Meanwhile, the Federal Home Loan Bank of Indianapolis is reacting to marketplace changes by expanding its roles beyond mortgages to benefit Indiana small businesses and farmers. "Many small banks are finding loan demand is exceeding deposit growth," says Tom Williams, vice president of government affairs. With baby boomers choosing mutual funds over savings accounts, "banks have decided not to chase depositors," Williams says. Instead, small banks are relying on borrowed money to finance their loans. And community banks with assets of less than $500 million may now borrow from the Federal Home Loan Bank to finance a variety of business customer needs.

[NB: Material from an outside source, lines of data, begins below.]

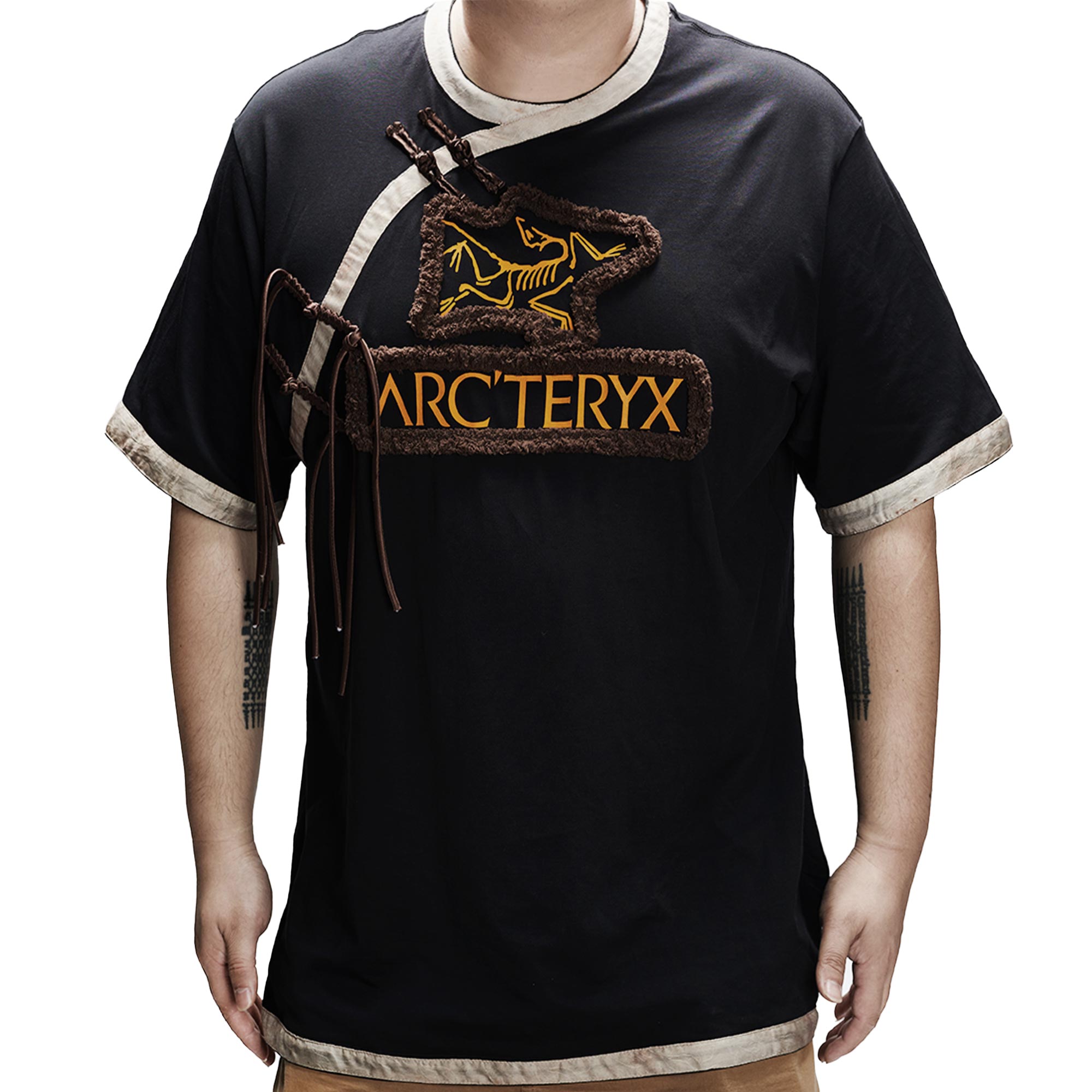 Purchase 【Custom Apparel】Arcteryx Men’s Patchwork Crewneck T-Shirt Black/Brown X000007991(Group80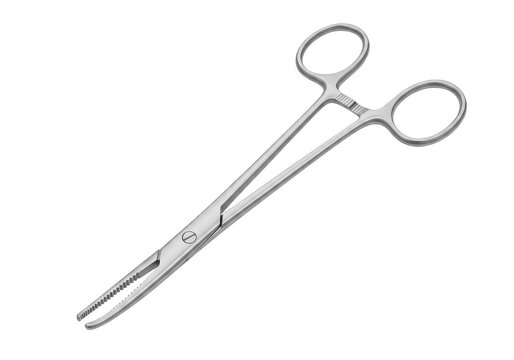 A pair of surgical forceps with a curved tip isolated on transparent background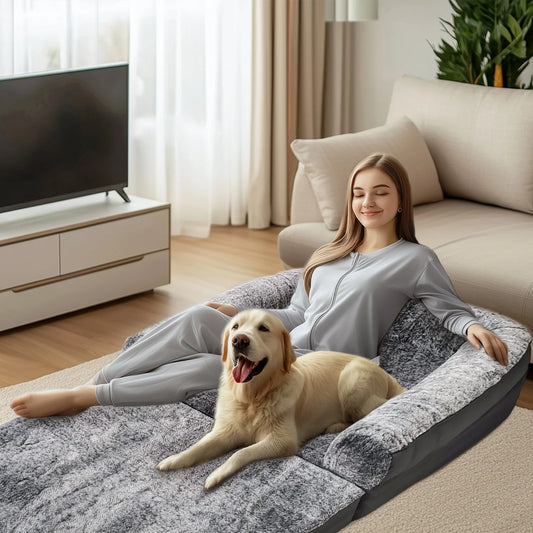 Foldable Orthopedic Human Pet Bed With Removable Plush Bolster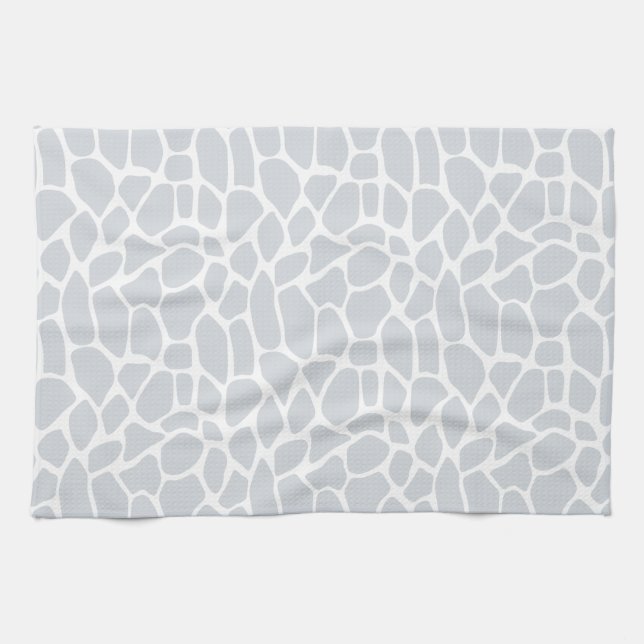 Pastel Blue Giraffe Pattern Kitchen Towel (Horizontal)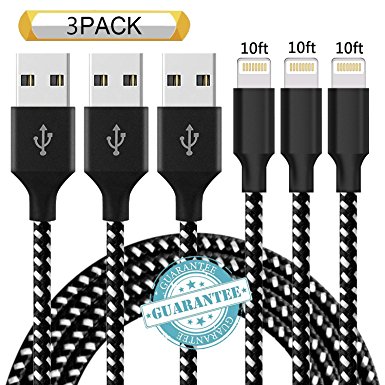 DANTENG Lightning Cable 3Pack 10FT Nylon Braided Certified iPhone Cable USB Cord Charging Charger for Apple iPhone X, 8, 7, 7 Plus, 6, 6s, 6 , 5, 5c, 5s, SE, iPad, iPod Nano, iPod Touch (BlackWhite)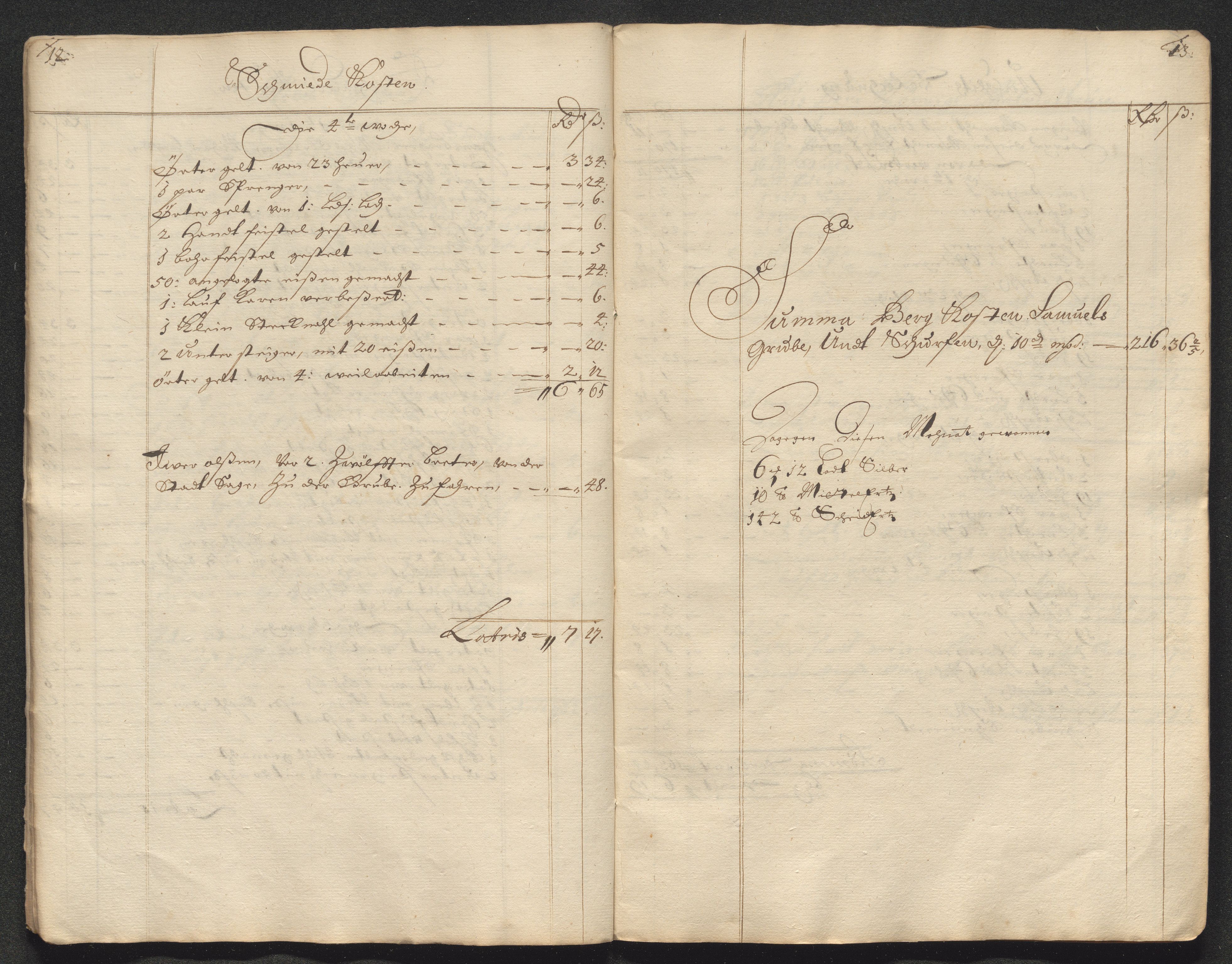 Kongsberg Sølvverk 1623-1816, AV/SAKO-EA-3135/001/D/Dc/Dcd/L0067: Utgiftsregnskap for gruver m.m. , 1694, p. 428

How are changes in financial service affecting those in the securities business? Mike Bosway, president and CEO of City Securities in Indianapolis, says he won't be doing things any differently. "Well before the repeal of Glass-Steagall, there was a breaking down of barriers between the sectors," he says. "That would have continued to happen. The market demanded it." Bosway points to KeyBank's purchase of McDonald Securities, which took place prior to passage of the new law. And the former Raffensperger Hughes & Co. of Indianapolis has been a part of National City Corp. for much of the past decade.

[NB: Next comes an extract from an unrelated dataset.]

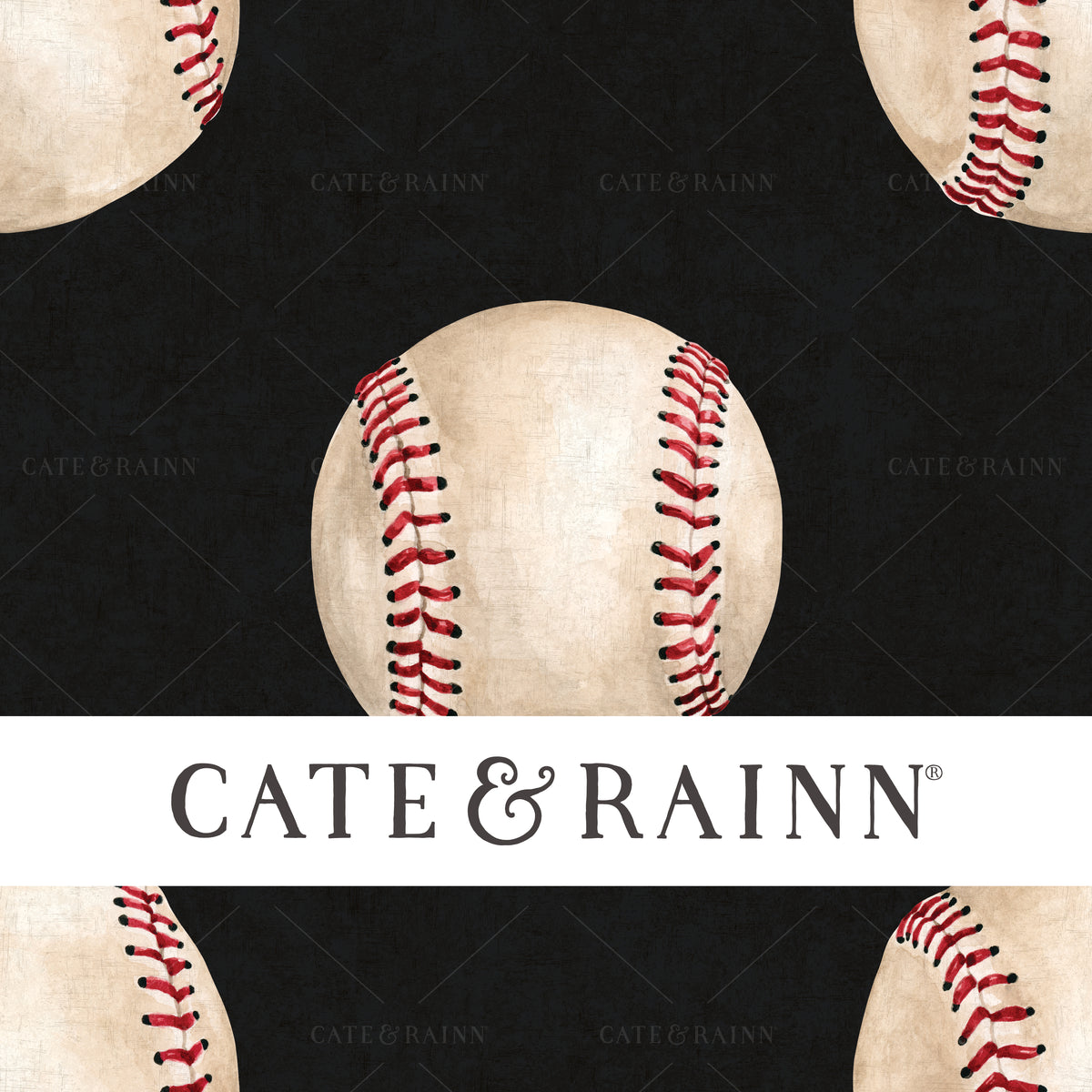 A hand-painted watercolor baseball design by Cate and Rainn®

Also, Merrill Lynch has already offered some of the most competitive banking services, from CDs and money markets to checking and mortgages. "But the repeal of GlassSteagall will enable us to do this more efficiently and will give us the flexibility to offer an even wider array of products and services," says Michael Welsh, resident vice president in Indianapolis.

Indiana Bankers Association's Bill King hopes bank customers will eventually want to shop for securities "at a convenient location where they're already transacting business." But he's realistic. "Consumers can e-trade from home for $8--it's hard to get more convenient than that."

STATE-LEVEL CHANGES

Changes in state financial-services laws were finalized in a special General Assembly session last November. The General Assembly saved the day--or thought it did--by allowing the creation of mutual insurance holding companies. Despite the efforts, a long-planned merger of AUL and Indianapolis Life fell apart when Indianapolis Life decided to demutualize and be acquired by Iowa's American Mutual Holding Co., which is also demutualizing. American United Life will be "reviewing all its plans from last year," according to Jim Freeman, the company's vice president of corporate affairs. "In the first quarter, we'll finalize our future plans."

All of this activity is new for the Indiana Department of Insurance. Commissioner Sally McCarty says her department, charged with overseeing the complicated conversions from mutual companies into stock companies, will seek experienced consultants with no ties to the companies being regulated. This likely will mean hiring out-of-state experts.

"The process could take up to a year," says McCarty, "but we're hoping for eight to nine months."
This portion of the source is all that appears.